CPC manufactures food, chemical, and feed products on a world-wide scale. Divisions of CPC exist in Europe, Latin America, and Asia, in addition to the United States (the North American division). It operates manufacturing plants in seven different states as well as in numerous countries in the various continents mentioned. It is incorporated in Delaware but maintains its principal headquarters in Engle-wood Cliffs, New Jersey.

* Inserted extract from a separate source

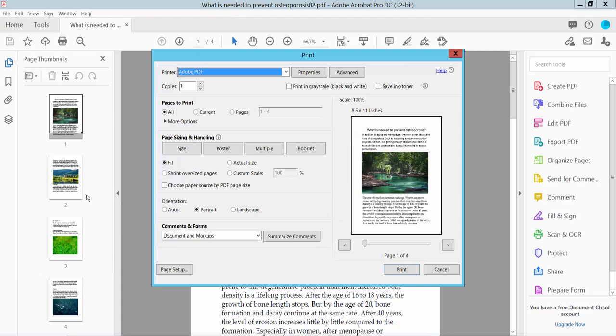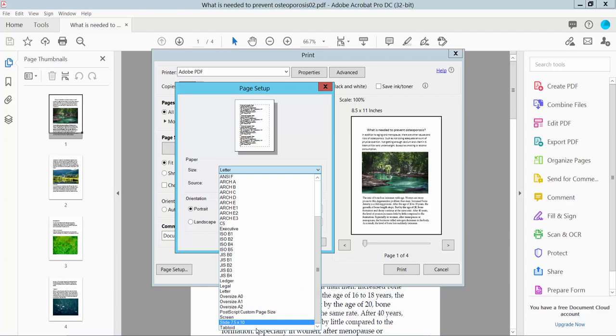Here we will find the print option. Simply click here and select your Adobe printer, copies, size, fit, custom, and page orientation. Now click the Page Setup option.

Beginning in 1977, CPC obtained excess insurance from Northbrook under an Umbrella Liability policy. This policy was only one of fourteen excess insurance policies held by CPC. Each year, until 1982, the parties renewed the policy. In May of 1979, Johnson & Higgins, a retail insurance broker located in New York, commenced the renewal procedures by contacting CPC and requesting updated information regarding sales and insurance claims. Upon receipt of the requested information, Johnson & Higgins sent the underwriting data to AVRECO, Inc. (Avreco), a wholesale broker located in Illinois. Avreco then mailed the information to Northbrook. North-brook returned a telex to Avreco which indicated that Northbrook would limit liability to 25 million dollars if CPC paid a premium of $420,000.00. The telex stated “firm quote, valid 60 days.” Avreco sent Johnson & Higgins the “offer on behalf of Northbrook.” Johnson & Higgins mailed CPC a letter which compared Northbrook’s 1979 offer with the policy for the previous year. The letter asked that CPC give Johnson & Higgins instructions to bind. On June 13, 1979, Avreco telexed Northbrook asking “please bind 25 MLN.” That same day Avreco telexed Johnson & Higgins stating “binding on behalf of Northbrook.” Johnson & Higgins indicated by telex on June 19, 1979, that CPC had accepted Northbrook’s proposal. That same day Northbrook telexed Avreco regarding CPC stating “confirm bound from 7/1/79 to 7/1/80 ... Prem due by 9/24/79.” The policy declarations and endorsements were countersigned on or about June 27, 1979, by an authorized representative of North-brook in Illinois.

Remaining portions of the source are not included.